Page 142. We are in November 1947 and the little frog is still crying tears of happiness over the love she vows her oh-so-kind crocodile man. You exercise forbearance, telling yourself you probably babbled even more foolish things in the throes of passion’s first assaults. And as Les lettres à Nelson Algren runs close to one thousand pages, you can hope that the “beloved husband” stage will give way to other more interesting topics.

Personally, I cried for other reasons last night.

I had gone to the information session organized by the local yellow jackets, in order to have a clearer idea of their demands. I saw sincere people there, many of whom I know personally. Folks who slog their way through hard times that never end and who have had enough of hearing contemptuous leaders feed them hogwash. Not only do I understand them, but I know a chapter or two on the matter of slogging myself.

But… who is providing the leaflets and the stickers? Who designed and printed their logo? Who writes their press releases? Who puts everything in place in order to recuperate all this misery? Last night, the spokesperson kept correcting the folks talking about their “grievances”. “No”, she said. “They are not grievances. Grievances are complaints. We have demands.”

Fine. But the discourse quickly bumps into its two limits. The first: the purely economic nature of the griev…sorry, the demands. Secondly: the dilemna surrounding the delegation of power.
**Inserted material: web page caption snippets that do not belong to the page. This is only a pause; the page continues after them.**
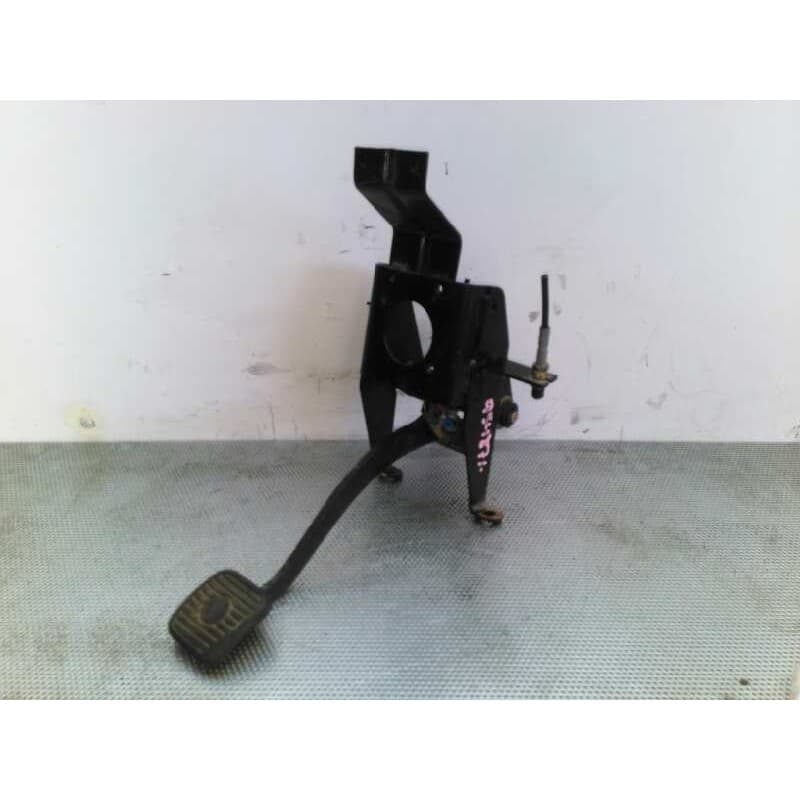 Recambio de pedal freno para nissan atleon 110 referencia OEM IAM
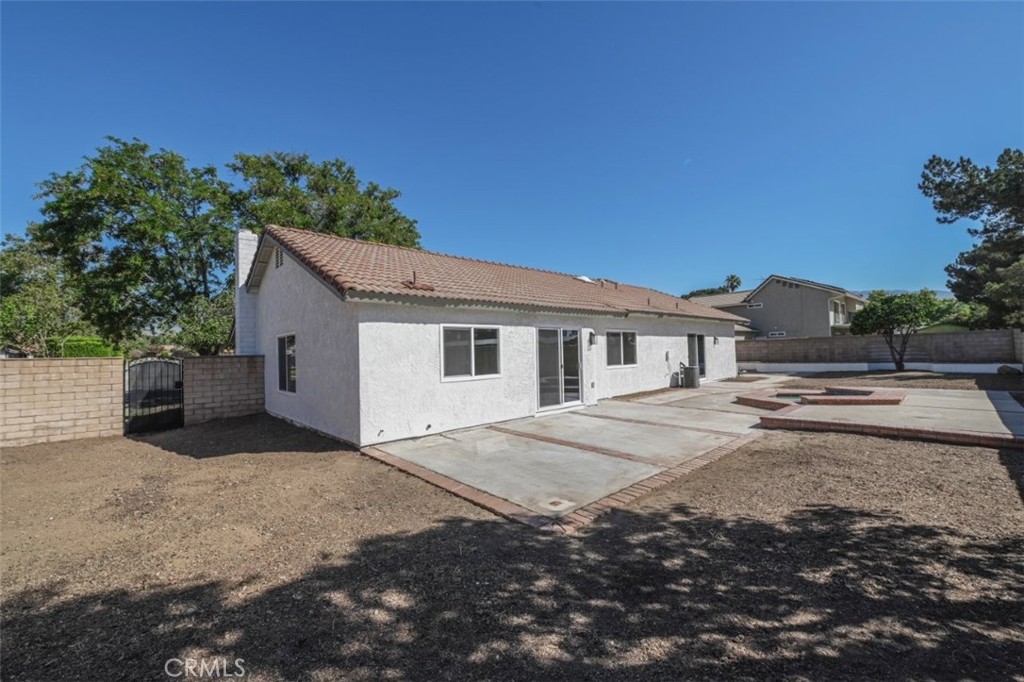 211 W Columbine Avenue Property Photo 36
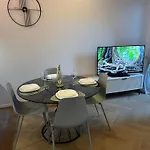 Luca's Luxury Flat In Palazzo Diaz-private Parking 10 Min Walk-fee Lejlighed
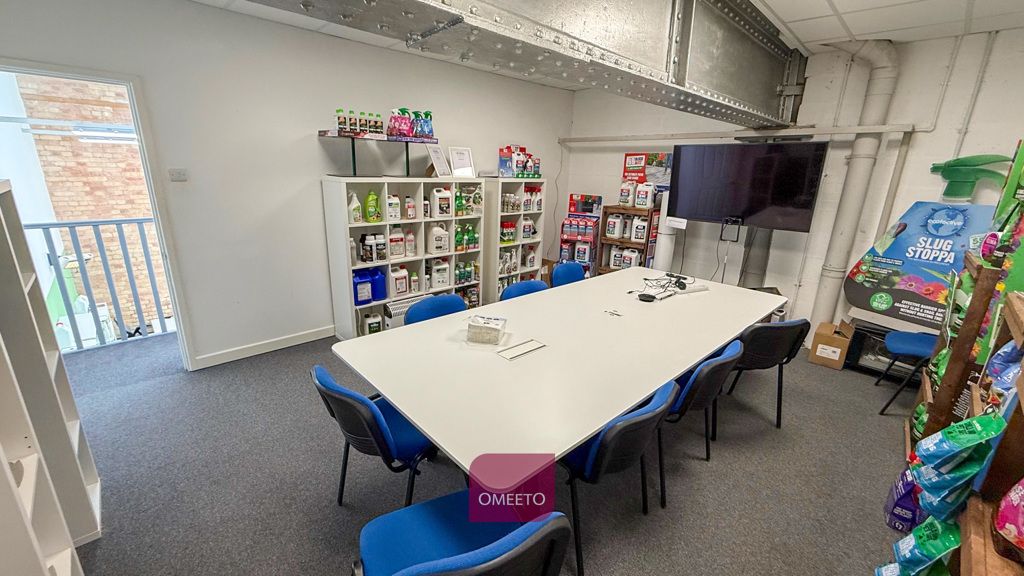 Property photo 3 of 9 Office With Meeting Room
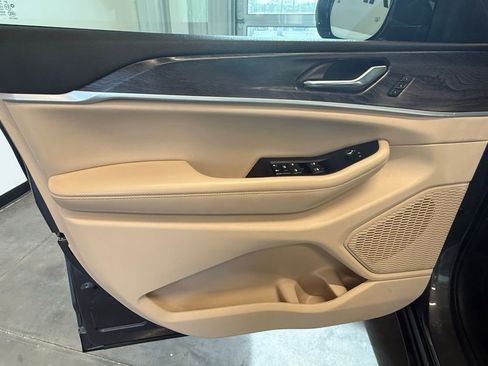 Used 2024 Jeep Grand Cherokee Limited w/ Luxury Tech Group II image 20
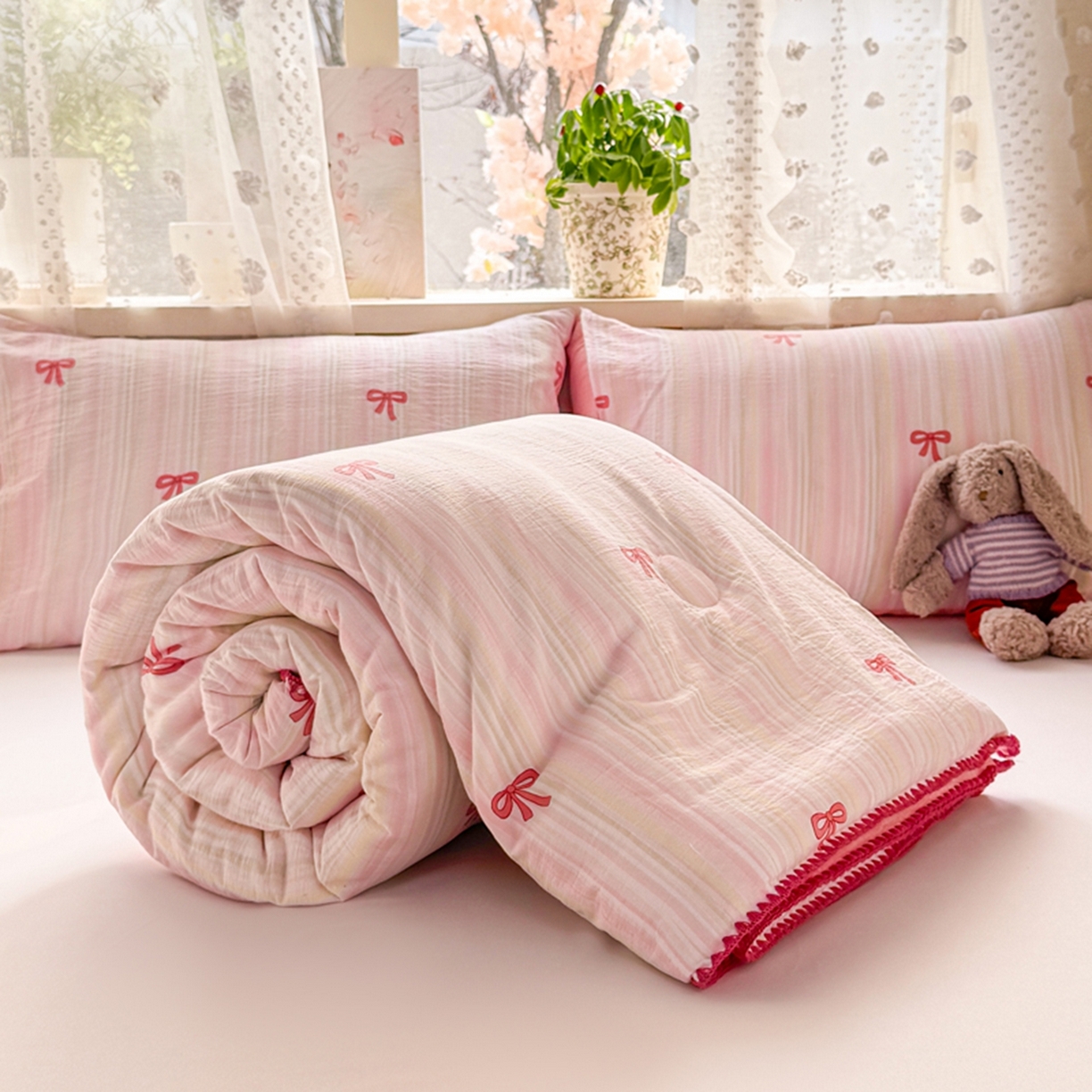 91家纺网 家纺一手货源 找家纺 雅蔓依家纺 2026春夏新款三角针贝壳边木棉云感双层纱棉花夏被夏凉被空调被 美美蝴蝶结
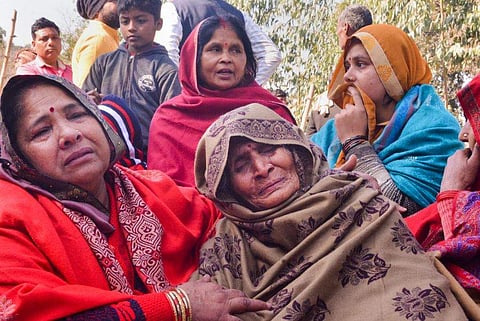 കുടിൽ ഒഴിപ്പിക്കുന്നതിനിടെ തീ കൊളുത്തി മരിച്ച അമ്മയുടെയും മകളുടെയും ബന്ധുക്കൾ/ പിടിഐ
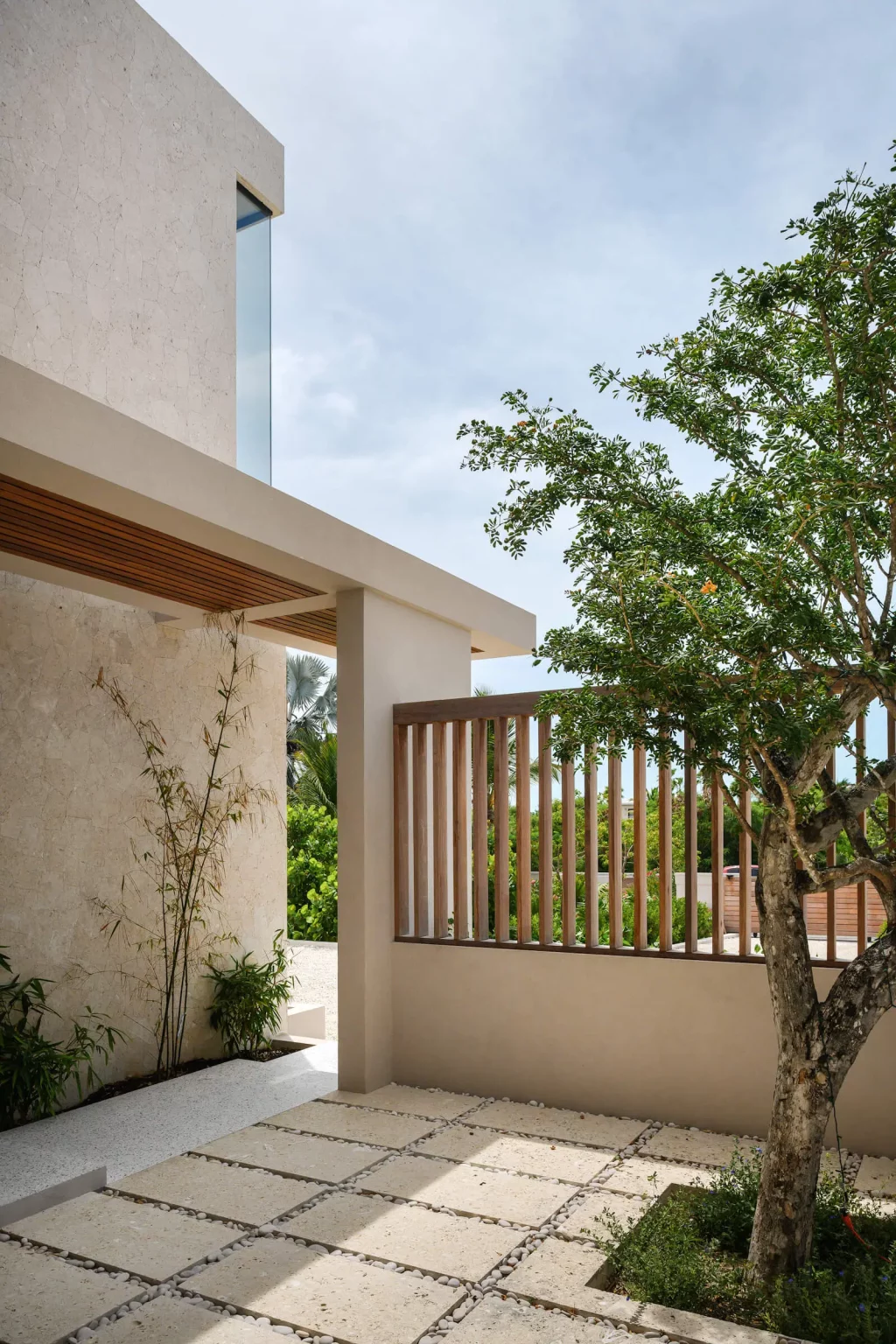 House-in-Leeward-9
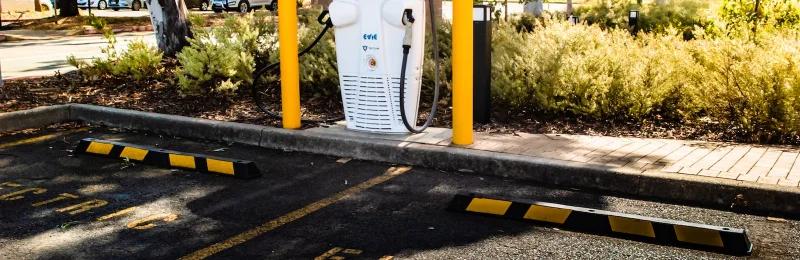电动汽车 EV
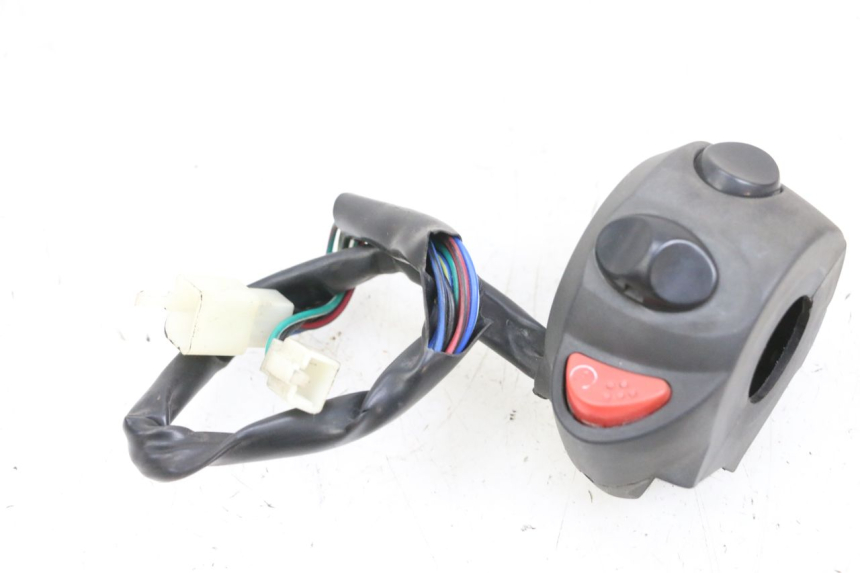 photo de PRZEŁĄCZNIK PRAWY ADIVA AD3 300 (2014 - 2020) - Widok główny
Whether consciously or not, the movement carries a huge disaffection with so-called representative democracy in which “the people” are called to express themselves once through the ballot box, then to clear the way for their so-called representatives, under threat of truncheons, serious injuries or even death, if they refuse. But who will organize and manage a real participatory democracy? A huge problem. Judging only by last night’s small assembly, every political color and tendency was on display – truly a Gracarada, just  like the composite beast illustrating this text.

I walked home in a biting cold wind that drew tears to my eyes. Again, no answers, nothing but a report.  “Right here, we’ve had some wounded and some dead,” the spokesperson said. “We must ensure this was not in vain.” All right. But for what exactly? And for whom? No one could say, whether or not they replaced the word “grievances” by “demands”.

This morning, a comment from one who’s been on the roundabouts since the beginning and who is about to stop, faced by a strong upsurge from the extreme right wings, profiting as usual from every misery in the world and ready to stick it to the people in the same old ways as ever.